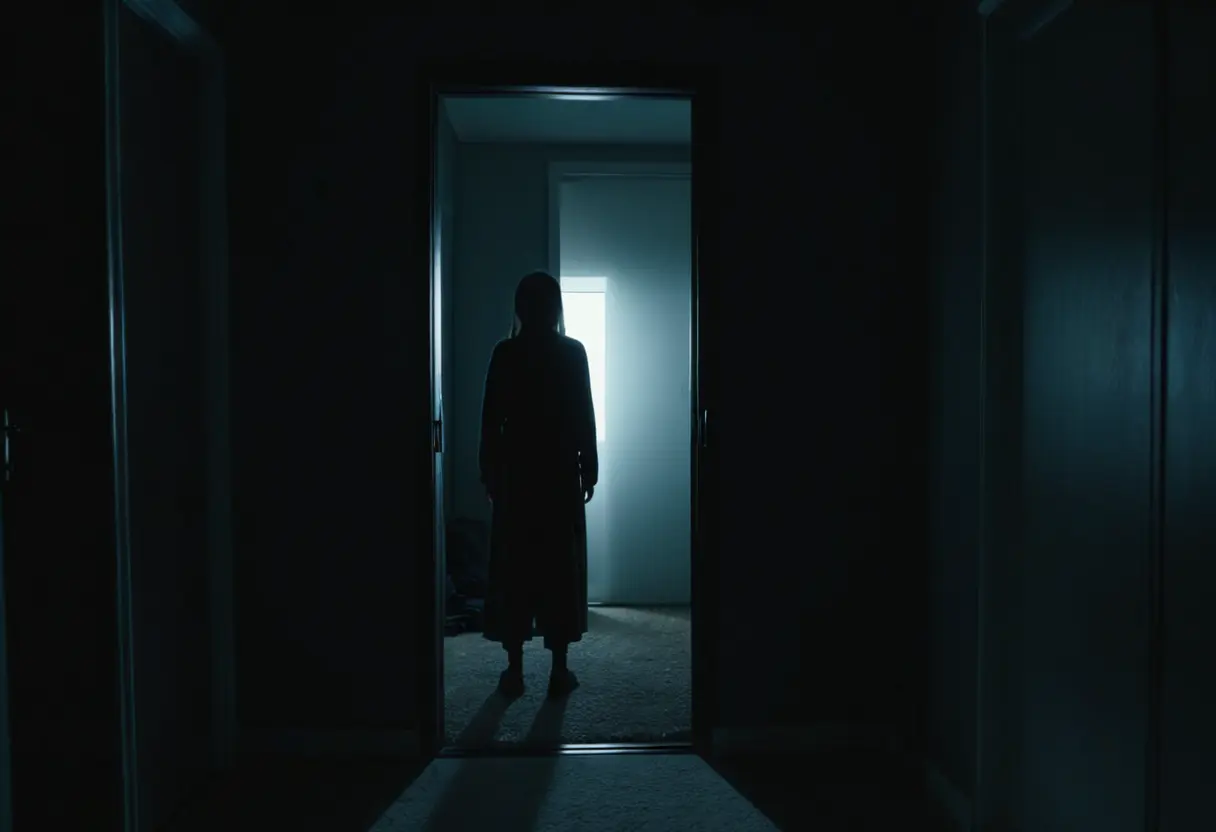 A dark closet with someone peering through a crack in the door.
• • • •
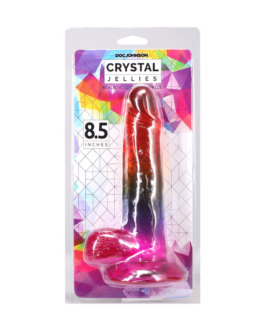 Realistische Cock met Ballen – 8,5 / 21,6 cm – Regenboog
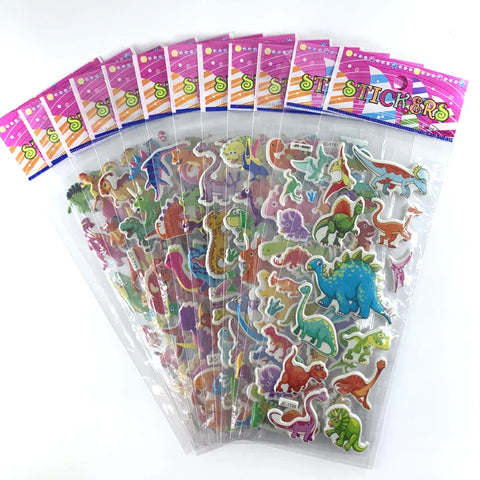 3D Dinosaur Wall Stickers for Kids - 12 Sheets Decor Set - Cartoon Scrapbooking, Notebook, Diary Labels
• • • •
**What the task asks**
Your answer is the exact run of lines above from the one with "Realistische Cock met" through the one with "3D Dinosaur Wall", both ends included, minus any picture.

**Written response**
 Realistische Cock met Ballen – 8,5 / 21,6 cm – Regenboog
 3D Dinosaur Wall Stickers for Kids - 12 Sheets Decor Set - Cartoon Scrapbooking, Notebook, Diary Labels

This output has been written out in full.